Now, many of the same old restrictions have returned: Egyptian secret police, who had backed off after dictator Hosni Mubarak’s fall, resumed their open scrutiny of intellectuals after the military coup in July. Qatar, Bahrain, and the United Arab Emirates, fearing revolts from their own citizens, have also tightened their approach to academic inquiry, shutting down local research institutes and banning critical academics from attending conferences and teaching at international universities. Several of the scholars who met in Beirut as part of the “Producing the Public” working group declined to speak on the record even in general terms about the ACSS, fearing that any publicity at all might interfere with their work.

The first ACSS projects will take several years to yield results, and Shami says the long-term impact will depend, in part, on whether Arab governments continue to actively persecute intellectuals they perceive as critics. Meanwhile, Shami says, the group intends to go where it is most acutely needed—funding the edgiest and most relevant scholarship, and pushing for more open access to archives and data. To make up for the lack of regional peer-reviewed journals, it might begin publishing research itself. With the grandiose-sounding goal of transforming the entire discourse about the Arab world, Shami is aware that ACSS might fail; but she’s not interested, she said, “in biding our time and holding annual conferences.” If it proves necessary, she said, ACSS might create its own university.
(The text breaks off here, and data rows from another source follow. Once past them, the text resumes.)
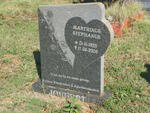 JOUBERT Marthinus Stephanus 1925-2006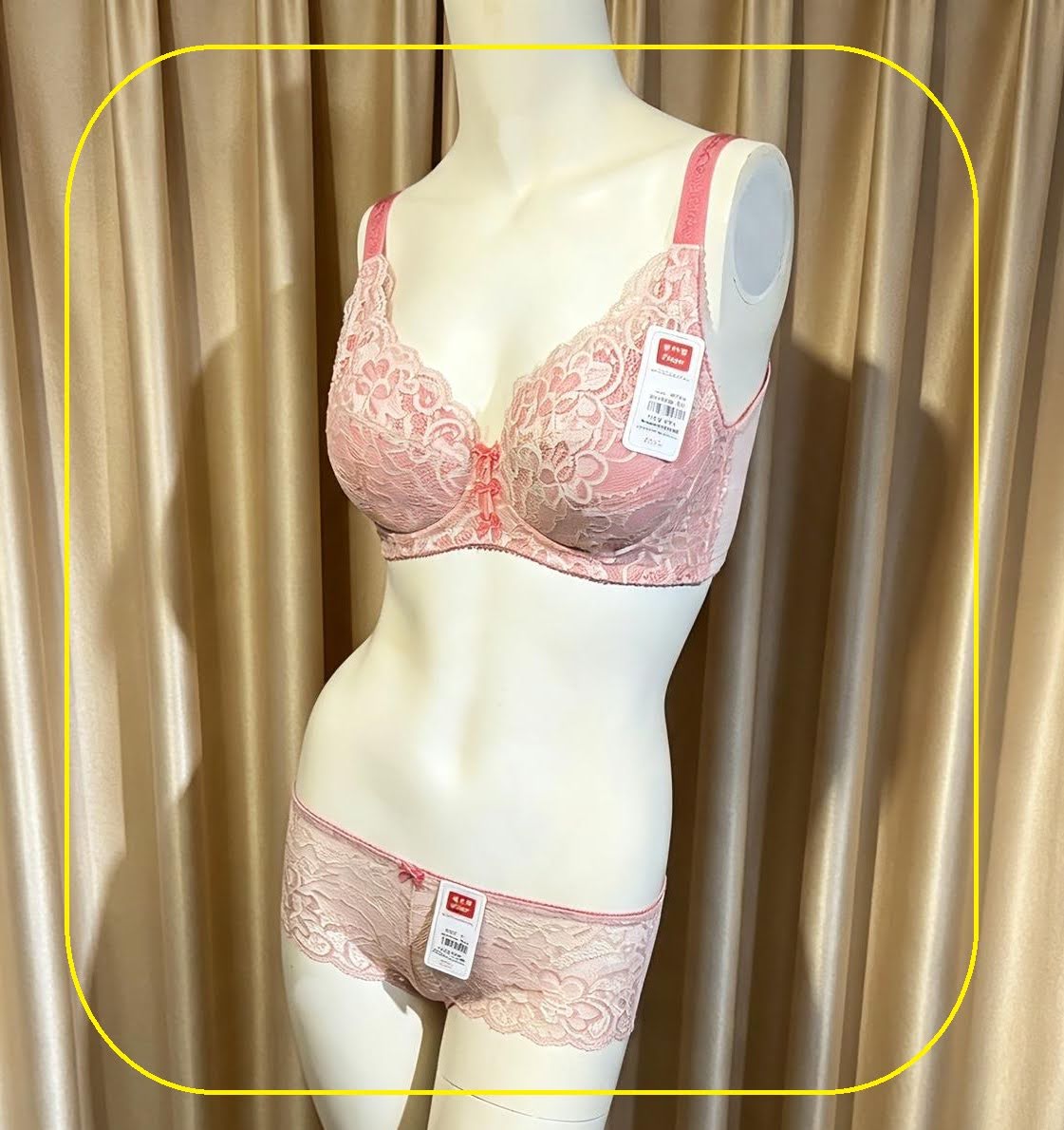311026 溥杯型功能內衣(三排扣) C32-40 D-E-F-G-H32 內褲 _ M-XL 圖片 3
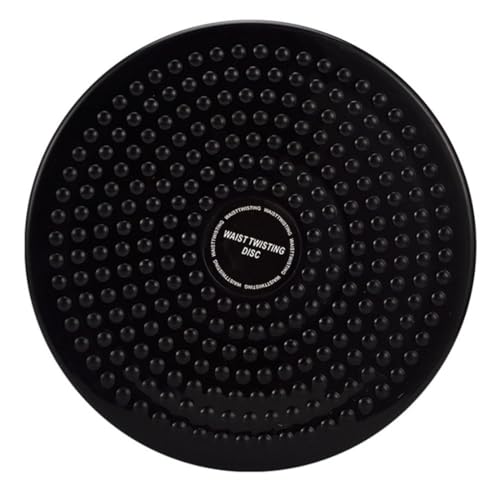 Twist Board for Exercise 9.6 Inch Large Non-slip Safety Wobble Board Waist Twisting Disc for Women Men Slimming and Strengthening Abdominal & Stomach Exercise Equipment At Home, Waist Twisting Disc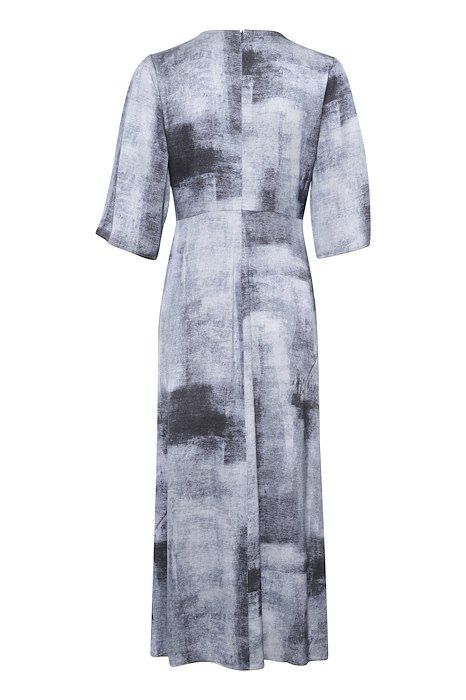 Gestuz - Kjole - AreenGZ P Dress - Blue Denim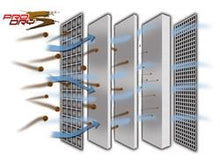 Load image into Gallery viewer, aFe MagnumFLOW Air Filters IAF PDS A/F PDS 4F x 6B x 4-3/4T x 7H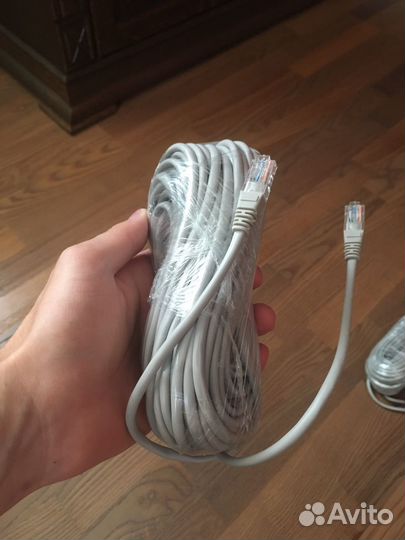 Патч-корд 15м (17м) RJ-45 Ethernet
Already, though, ACSS has had some visible impact. Omar Dahi, an economist at Hampshire College in Massachusetts, won a grant from the new council to study the way Syrian refugees are supporting themselves and how they are transforming the nations to which they’ve fled. He’s spending the semester in Beirut, and he expects to produce a series of articles that will bring rigor to a heated and topical policy debate. The council, he says, allows Arab scholars “to answer their own questions, and not only the questions being asked in North American and Western European academia.”

“It’s not easy, and ACSS alone is not going to be able to do it,” Dahi said. “But you have to start somewhere.”